Thanks for your comments, Colleen. I've changed the subject line to address
your question about BC dates.
EDTF does support BC dates, You can see the following examples at
http://www.loc.gov/standards/datetime/examples.html:
"BC date: -1000-01-01"
"-10000-01-01 ( January 1 of the year 10,000 BC)"
In fact, both of these are supported by xs:date and are thus automatically
supported by EDTF, which is a superset of xs:date.
Note however, EDTF does not support non-hyphenated BC dates. For example,
does not support:
-10000101
even though it supports both:
-1000-01-01
and:
10000101
I.e. DOES support both hyphenated BC dates and non-hyphenated positive
dates. ("Positive" meaning AD/CE.)
So while xs:date does support BC dates, it supports only the hyphenated
form - xs:date does not support the non-hyphenated form of date, BC or
positive. On the other hand, EDTF does support a positive date without
hyphens, even though xs:date does not. This is an EDTF extension to xs:date.
The reason why EDTF does not support the hyphenated form of a BC date - and
this is open for discussion - is that although there is a use case for
non-hyphenated positive dates, no use case has been offered for
non-hyphenated BC dates.
Another limitation, possible of concern to nobody: EDTF does not support
"Year Zero". This has not been raised as an issue and quite likely will not,
unless members of scientific communities which use year zero become
stakeholders in this effort; if that happens we would address this,
otherwise we would not. "Year Zero" means the year between 1BC and 1AD.

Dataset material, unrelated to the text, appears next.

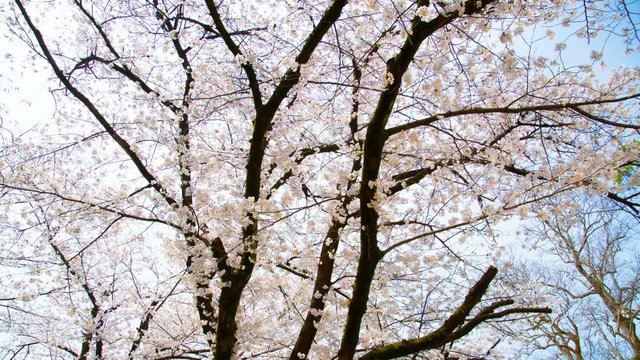桜の木固定撮影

For most applications such a year does not exist, 1AD is the year
immediately following 1BC. However for certain disciplines, astronomy for
example, year zero is meaningful. Support of year zero would introduce
serious complexities (for example, alignment of leap years) and we do not
plan to address it any further if nobody raises it as a requirement.
-- Ray
----- Original Message -----
From: "Colleen R Cahill" <[log in to unmask]>
To: <[log in to unmask]>
Sent: Monday, November 23, 2009 7:02 AM
Subject: Re: [DATETIME] Abstract dates and times
Ray,
Very good start. One minor thing; there is a extra "0" in your first
example (should be 20100202).
We have been using that date format in the Geography & Map Division
Scanning Lab for years in a table of administrative metadata because it
sorted the well and was easy to see groupings. While good for machines to
parse, it is also something humans can quickly learn to read. My only
question is how will you deal with BC dates? We have not had to face that
at our shop.
The time field is not something we have used, but it makes sense and if
needed, is the most logical way to display this data. Those who are more
familiar with "military" time will have less of a learning curve, but I
don't foresee anyone being stumped by this. The "T" in front is great as a
hint for what the data is all about, since time is rarely displayed as a
number without some punctuation (i.e. 12:10).
Colleen
Colleen R. Cahill
Digital Conversion Coordinator and
Recommending Officer for Science Fiction and Fantasy
Geography & Map Division
Library of Congress
4652
202-707-8540
>>> "Ray Denenberg, Library of Congress" <[log in to unmask]> 11/19/2009 10:34 AM
>>> >>>
I'll get the discussion started.
See the first proposal on the list at
http://www.loc.gov/standards/datetime/proposals.html. (Just because it's
the first does not mean that these have to be discussed in order. Anyone who
wishes to initiate a thread on any of these proposals, please do. Please use
a meaningful subject line, though.)
Please comment on whether the feature discussed below is useful. Would you
use it? implement it? Please feel free to say no, it is not useful.
Abstract dates and times.
Thus, where:
201000202
is February 2, 2010
something like:
****0202
would simply mean February 2. (As in "Groundhog Day is February 2".)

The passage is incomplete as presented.